What needs to be done: When you reach the line containing "Picture 10 of 14" in the records below, set it down exactly, together with every later line through the end, but not the pictures.

Short web captions:
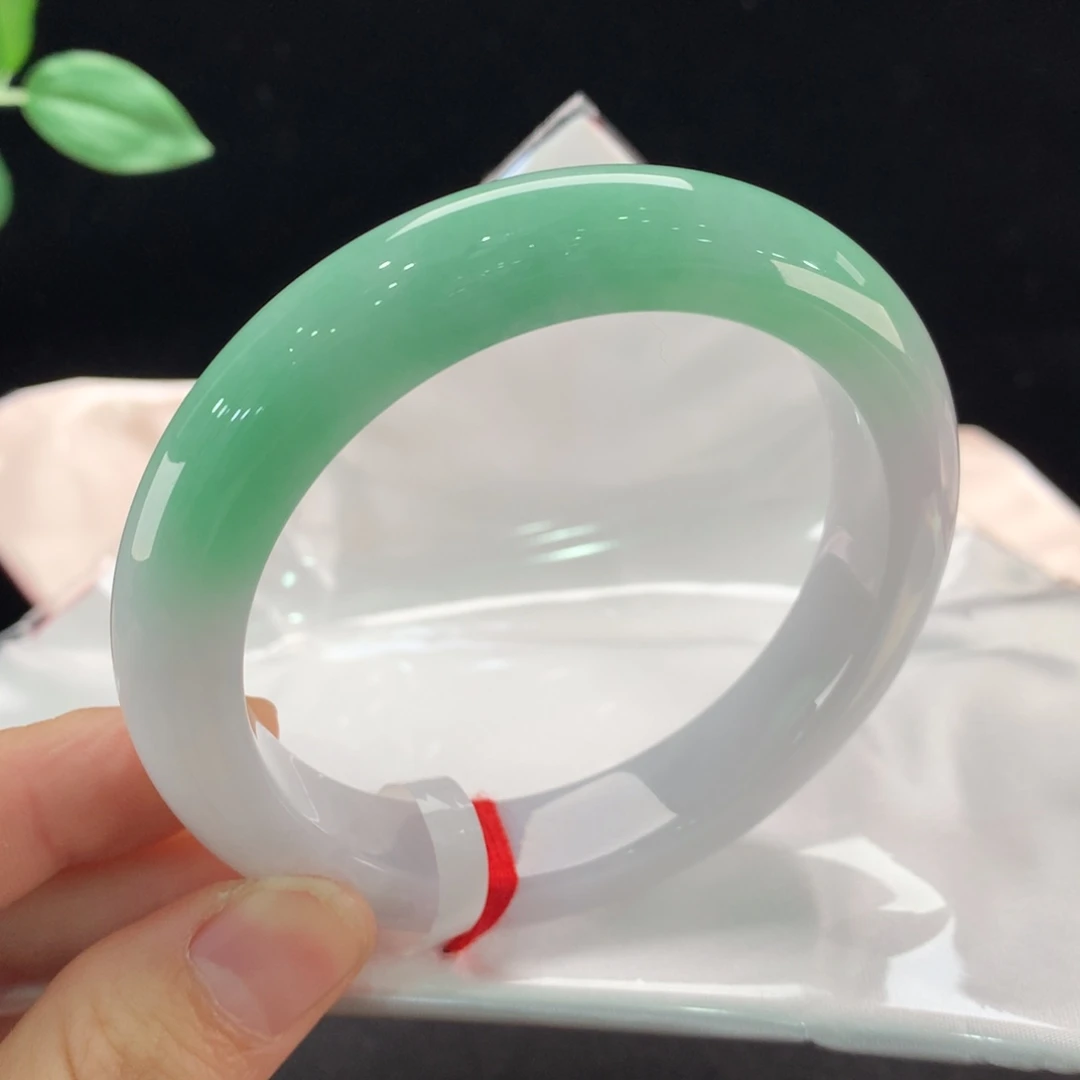 翡翠未镶嵌手镯2096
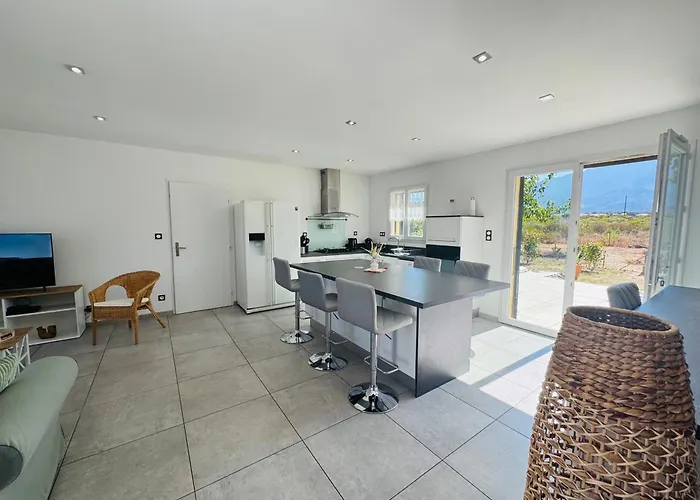 Pietralba - Piscine Privee & Vue Montagne - Proche Calvi Semesterbostad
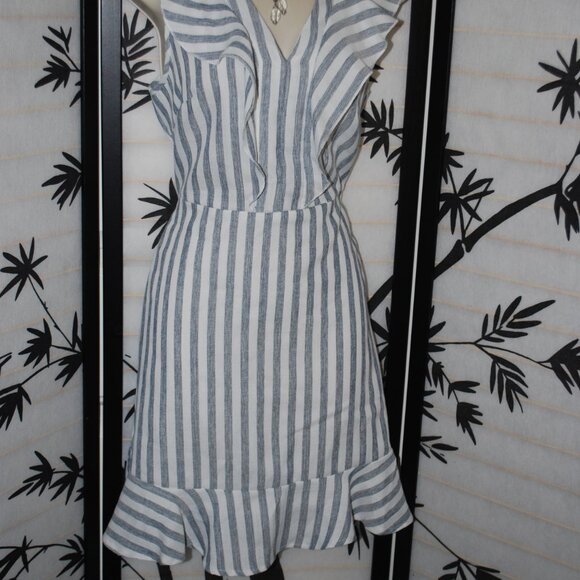 🌞👗Cute and Comfy SHE + SKY Blue and White Stripe Chambray Dress🌞👗 - Picture 10 of 14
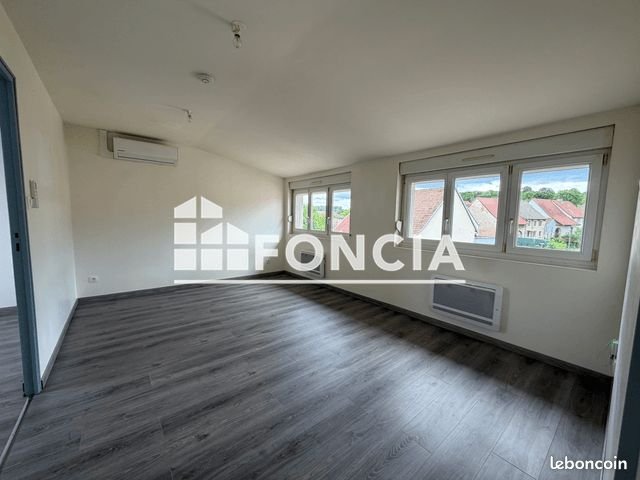 Appartement à louer, 45m², Fesches-le-Châtel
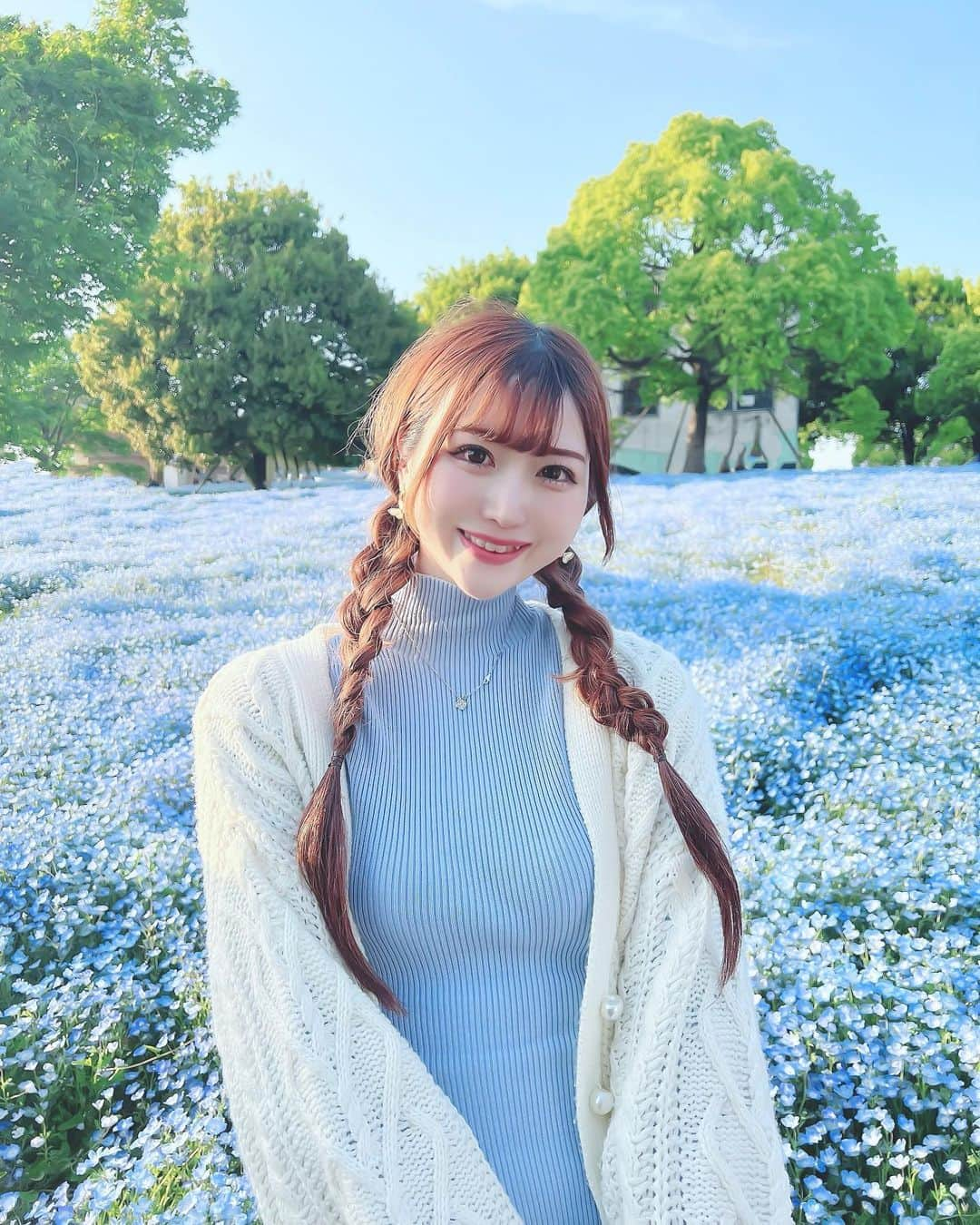 あいにゃんさんのインスタグラム写真 - (あいにゃんInstagram)「都内でネモフィラ見れる場所できたの最高すぎた〜💠🩵🩵 * * #ネモフィラ #ネモフィラ畑 #ネモフィラブルー #舎人公園 #お花畑 #花のある暮らし #東京観光 #東京 #コンカフェ #コンカフェ嬢 #アイドル #サロモ募集 #サロンモデル #みつあみ #水色 #水色コーデ #春コーデ  #fyp #instagood #followｍe」4月24日 20時42分 - ainyan0310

Output of the exercise:
 🌞👗Cute and Comfy SHE + SKY Blue and White Stripe Chambray Dress🌞👗 - Picture 10 of 14
 Appartement à louer, 45m², Fesches-le-Châtel
 あいにゃんさんのインスタグラム写真 - (あいにゃんInstagram)「都内でネモフィラ見れる場所できたの最高すぎた〜💠🩵🩵 * * #ネモフィラ #ネモフィラ畑 #ネモフィラブルー #舎人公園 #お花畑 #花のある暮らし #東京観光 #東京 #コンカフェ #コンカフェ嬢 #アイドル #サロモ募集 #サロンモデル #みつあみ #水色 #水色コーデ #春コーデ  #fyp #instagood #followｍe」4月24日 20時42分 - ainyan0310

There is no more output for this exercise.